Writes - Amazon Timestream

Writes

You can collect time series data from connected devices, IT systems, and industrial equipment, and write it into Timestream. Timestream enables you to write data points from a single time series and/or data points from many series in a single write request when the time series belong to the same table. For your convenience, Timestream offers you with a flexible schema that auto detects the column names and data types for your Timestream tables based on the dimension names and the data types of the measure values you specify when invoking writes into the database. You can also write batches of data into Timestream.

Timestream supports the following data types for writes:

Data type Description

BIGINT

Represent a 64-bit integer.

BOOLEAN

Represents the two truth values of logic, namely, true and false.

DOUBLE

64-bit variable-precision implementing the IEEE Standard 754 for Binary Floating-Point Arithmetic.

VARCHAR

Variable length character data with an optional maximum length. The maximum limit is 2KB.

MULTI

Data type for multi-measure records. This data type includes one or more measures of type BIGINT, BOOLEAN, DOUBLE, VARCHAR, and TIMESTAMP.

TIMESTAMP

Represents an instance in time using nanosecond precision time in UTC, tracking the time since Unix time. This data type is currently supported only for multi-measure records (i.e. within measure values of type MULTI).

Note

Timestream supports eventual consistency semantics for reads. This means that when you query data immediately after writing a batch of data into Timestream, the query results might not reflect the results of a recently completed write operation. The results may also include some stale data. Similarly, while writing time series data with one or more new dimensions, a query can return a partial subset of columns for a short period of time. If you repeat theses query requests after a short time, the results should return the latest data.

You can collect time series data from connected devices, IT systems, industrial equipment, and many other systems, and write it into Amazon Timestream. You can write data using the AWS SDKs, AWS CLI, or through AWS Lambda, AWS IoT Core, Amazon Kinesis Data Analytics for Apache Flink, Amazon Kinesis, Amazon MSK and Open source Telegraf.

No upfront schema definition

Before sending data into Amazon Timestream, you must create a database and a table using the AWS Management Console, Timestream’s SDKs, or the Timestream APIs. For more information, see Create a database and Create a table. While creating the table, you do not need to define the schema up front. Amazon Timestream automatically detects the schema based on the measures and dimensions of the data points being sent, so you no longer need to alter your schema offline to adapt it to your rapidly changing time series data.

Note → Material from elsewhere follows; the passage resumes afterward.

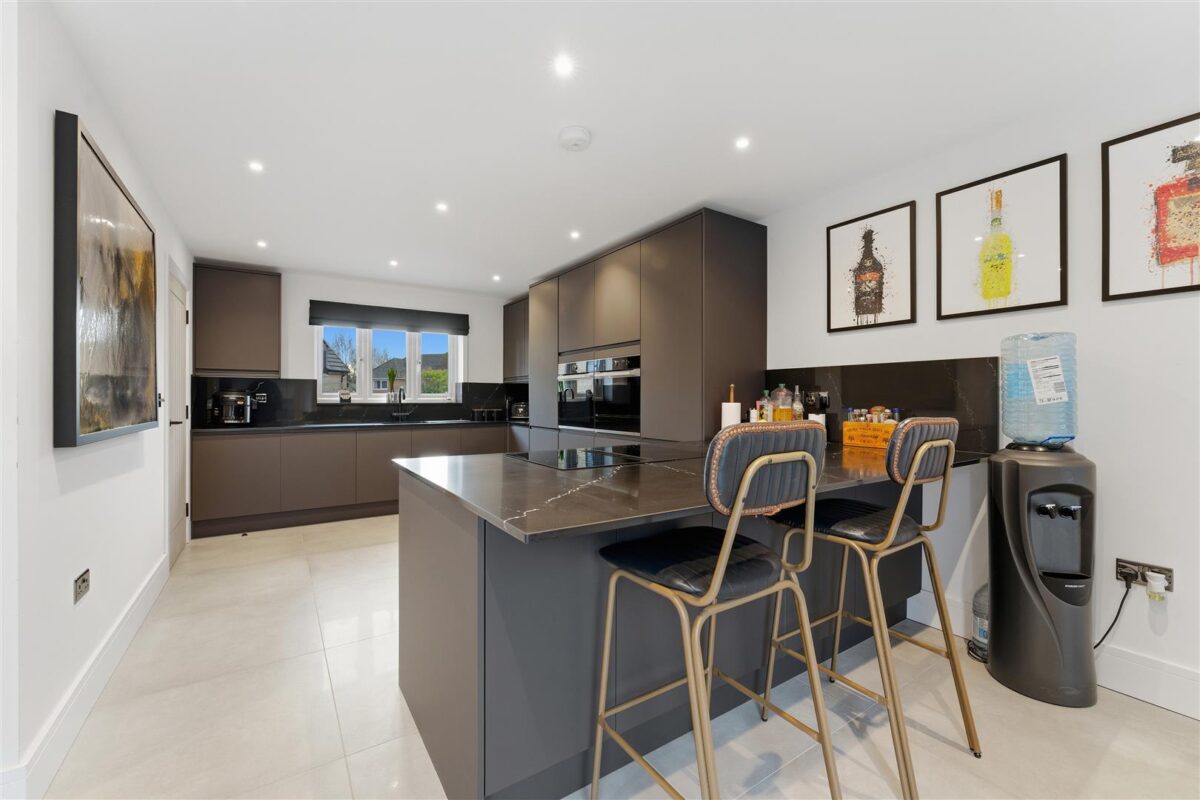 Singlehurst Close, Weldon, Corby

Writing data (Inserts and Upserts)

The write operation in Amazon Timestream enables you to insert and upsert data. By default, writes in Amazon Timestream follow the first writer wins semantics, where data is stored as append only and duplicate records are rejected. While the first writer wins semantics satisfies the requirements of many time series applications, there are scenarios where applications need to update existing records in an idempotent manner and/or write data with the last writer wins semantics, where the record with the highest version is stored in the service. To address these scenarios, Amazon Timestream provides the ability to upsert data. Upsert is an operation that inserts a record in to the system when the record does not exist or updates the record, when one exists. When the record is updated, it is updated in an idempotent manner.

Writing data into the memory store and the magnetic store

Amazon Timestream offers the ability to directly write data into the memory store and the magnetic store. The memory store is optimized for high throughput data writes and the magnetic store is optimized for lower throughput writes of late arrival data. Late arrival data is data with a timestamp earlier than the current time. You must explicitly enable the ability to write late arrival data into the magnetic store by enabling magnetic store writes for the table.

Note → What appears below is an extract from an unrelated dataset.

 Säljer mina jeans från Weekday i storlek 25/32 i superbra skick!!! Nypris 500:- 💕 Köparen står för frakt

Writing data with single-measure records and multi-measure records

Amazon Timestream offers the ability to write data using two types of records, namely, single-measure records and multi-measure records.

Single-measure records

Single-measure records enable you to send a single measure per record. When data is sent to Timestream using this format, Timestream creates one table row per record. This means that if a device emits 4 metrics and each metric is sent as a single-measure record, Timestream will create 4 rows in the table to store this data, and the device attributes will be repeated for each row. This format is recommended in cases when you want to monitor a single metric from an application or when your application does not emit multiple metrics at the same time.

Multi-measure records

With multi-measure records, you can store multiple measures in a single table row, instead of storing one measure per table row. Multi-measure records therefore enable you to migrate your existing data from relational databases to Amazon Timestream with minimal changes.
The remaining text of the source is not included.